# Rarity of Haplochromis sp. "Uganda Fire Red"



## triscuit (May 6, 2005)

I am much more familiar with my Lake Tanganyikan cichlids but have just brought home a group of Haplochromis sp. "Uganda Fire Red" There isn't much information available on line. How rare are these fish? Is there another name for them? Did I accidentally get a group of really neat fish when I was just trying to find inexpensive hosts for my S. multipunctatus?


----------



## LadyBarbara001 (Sep 8, 2008)

Try the name Paralabidochromis sp. "Fire" or "Fire red Uganda." You might get more hits.

I love mine. I think the males are absolutely stunning, and I enjoy them very much. They are fairly rare.


----------



## Darkside (Feb 6, 2008)

triscuit said:


> I am much more familiar with my Lake Tanganyikan cichlids but have just brought home a group of Haplochromis sp. "Uganda Fire Red" There isn't much information available on line. How rare are these fish? Is there another name for them? Did I accidentally get a group of really neat fish when I was just trying to find inexpensive hosts for my S. multipunctatus?


Its always good to put your multies with fish you want to keep so that you're happy regardless of spawns. :lol:


----------



## triscuit (May 6, 2005)

Yeah... I realized that after having many, many spawns of P. saulosi that became cyp snacks. Of course, if these Vics are really neat, I may have to make room for their fry as well! doh!

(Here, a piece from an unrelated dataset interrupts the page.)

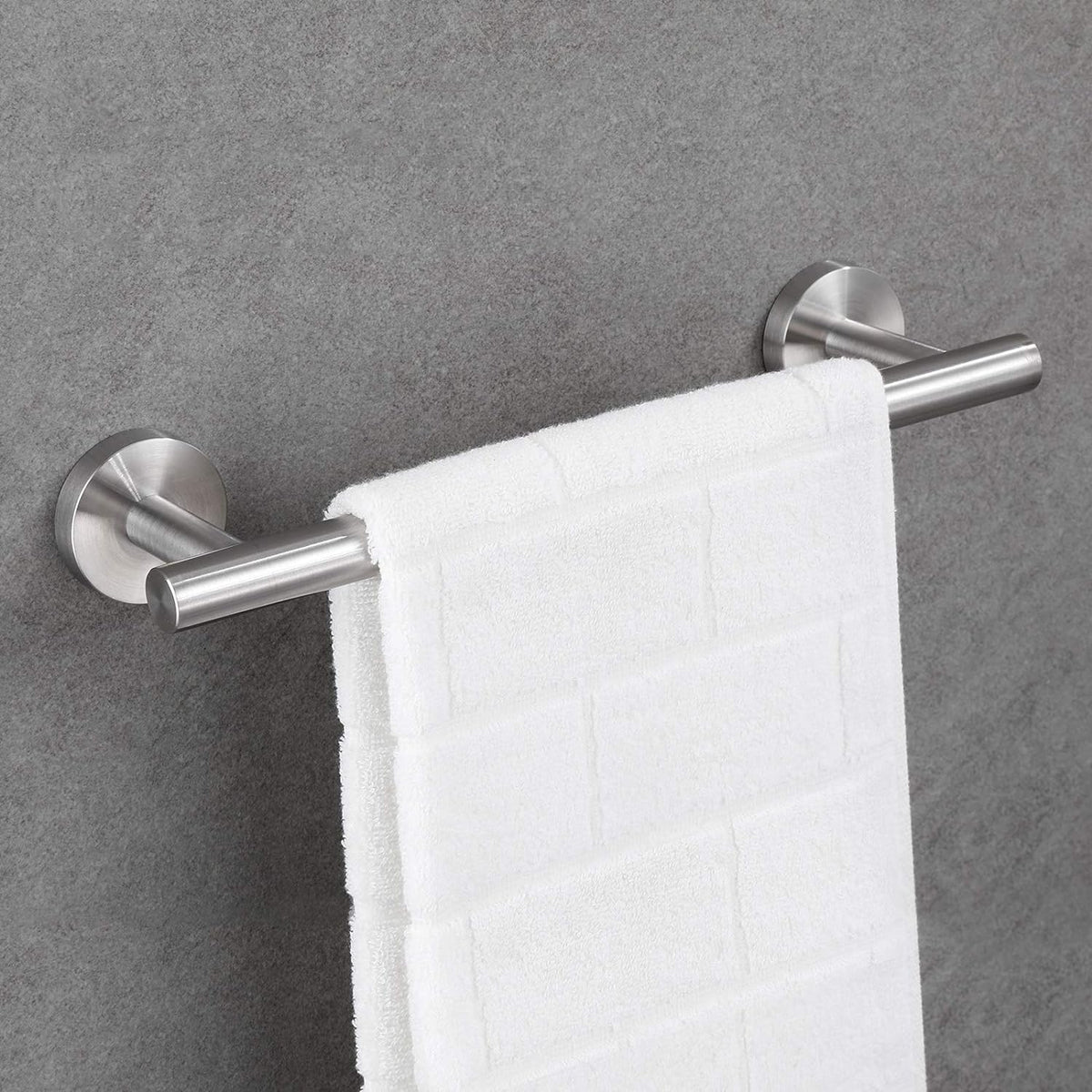 Detail of brushed nickel finish on towel bar adds refined detail.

Yes, the Paralabidochromis sp. "Fire" brought up quite a bit more information. :thumb: Let's see if I understand this... many of the Vics were classified as haplochromines, but now the genus has been split up into several more specific genera? Paralabidochromis is the newer designation?


----------



## LadyBarbara001 (Sep 8, 2008)

triscuit said:


> Yes, the Paralabidochromis sp. "Fire" brought up quite a bit more information. :thumb: Let's see if I understand this... many of the Vics were classified as haplochromines, but now the genus has been split up into several more specific genera? Paralabidochromis is the newer designation?

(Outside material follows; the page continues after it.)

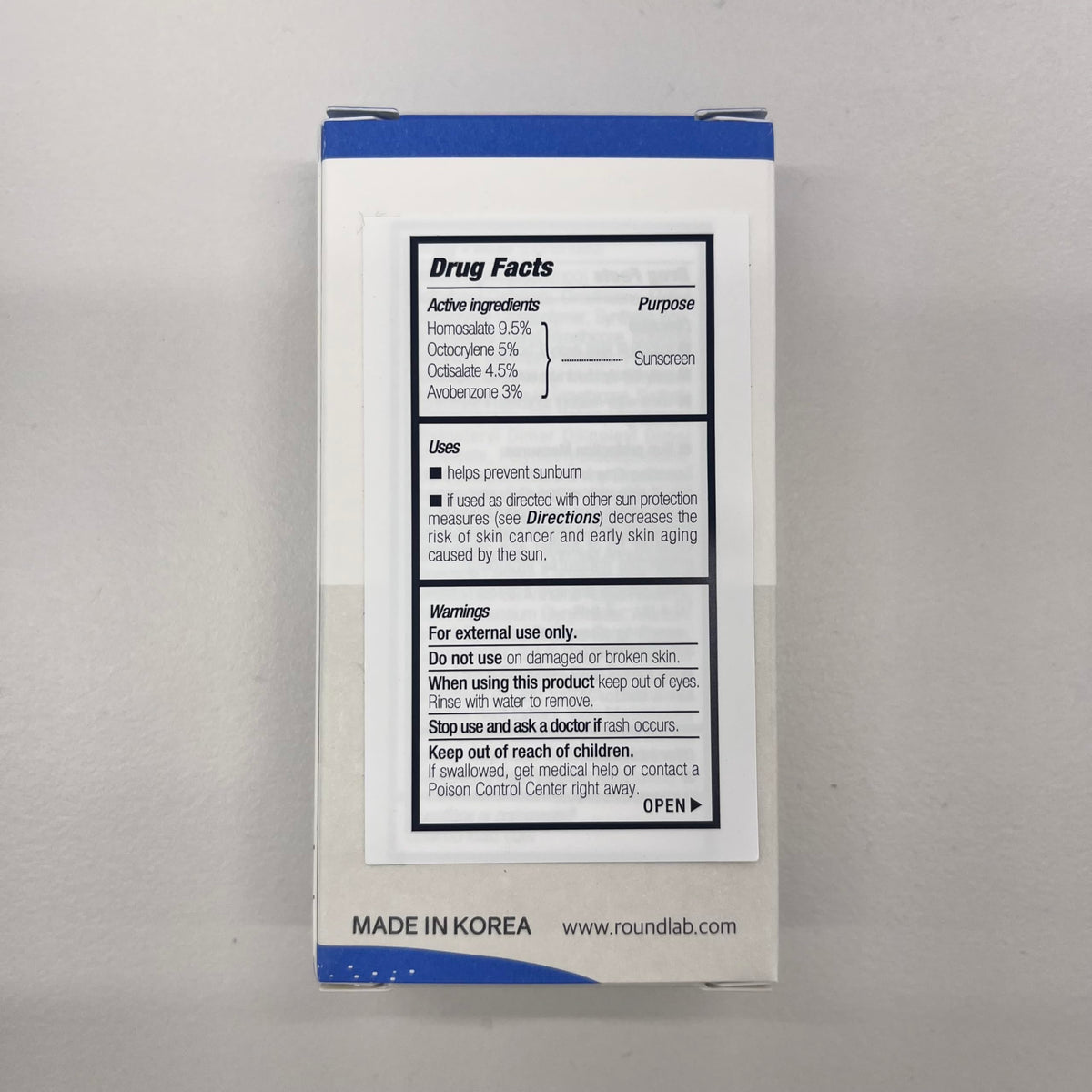 ROUND LAB sun stick in beach bag conveying outdoor, on-the-go protection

Yes, you have it exactly. You will often see a species listed at Haplochromis "whatever" when the species has a different genus now. One more interesting thing about figuring out what you have.


----------



## samaki (Oct 25, 2002)

Hi Well I have to say that nowadays, in the most scientits papers from Europe, the genus Haplochromis is a generic genus, many of the people from leiden university don't want to use the Greenwood sub genus as paralabidochromis. These genera are non used today and yu'll see Haplochromis because of the simplicity of its use.
xris


----------